> [What is needed] With the images removed, write out every line below exactly.

> [Raw data]

┄┄┄┄┄┄

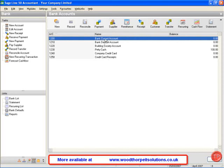We are going to transfer from the current account, so we will leave that selected as it is, and click on transfer.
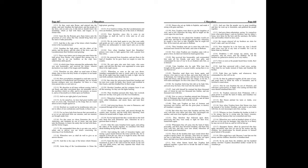Hereupon Simon, albeit he perceived that they spake deceitfully unto him, yet sent he the money and the children, lest peradventure he should procure to himself great hatred of the people. Who might have said, Because I sent him not the money and the children, therefore is Jonathan dead. So he sent them the children and the hundred talents, howbeit Tryphon dissembled neither would he let Jonathan go.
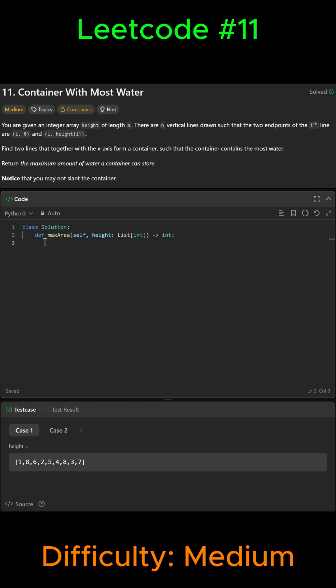Okay guys, so LeetCode problem number 11, Container With Most Water. First we're going to initialize the two pointers at both ends, so we're going to say left and right is equal to zero and the length of height minus one.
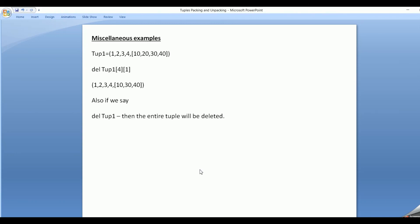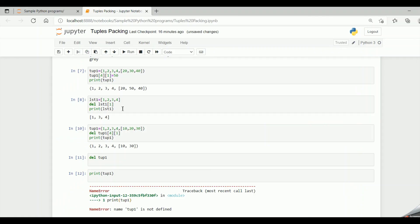We also saw a miscellaneous example with a list enclosed in a tuple, where we could delete individual items in the inner list. Hope this is clear. If you have any doubts, please reach out in the comment section. If you like the video, click the like button and subscribe to get notifications of new videos. See you. Bye-bye.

┄┄┄┄┄┄

> [Written answer]
We are going to transfer from the current account, so we will leave that selected as it is, and click on transfer.
Hereupon Simon, albeit he perceived that they spake deceitfully unto him, yet sent he the money and the children, lest peradventure he should procure to himself great hatred of the people. Who might have said, Because I sent him not the money and the children, therefore is Jonathan dead. So he sent them the children and the hundred talents, howbeit Tryphon dissembled neither would he let Jonathan go.
Okay guys, so LeetCode problem number 11, Container With Most Water. First we're going to initialize the two pointers at both ends, so we're going to say left and right is equal to zero and the length of height minus one.
We also saw a miscellaneous example with a list enclosed in a tuple, where we could delete individual items in the inner list. Hope this is clear. If you have any doubts, please reach out in the comment section. If you like the video, click the like button and subscribe to get notifications of new videos. See you. Bye-bye.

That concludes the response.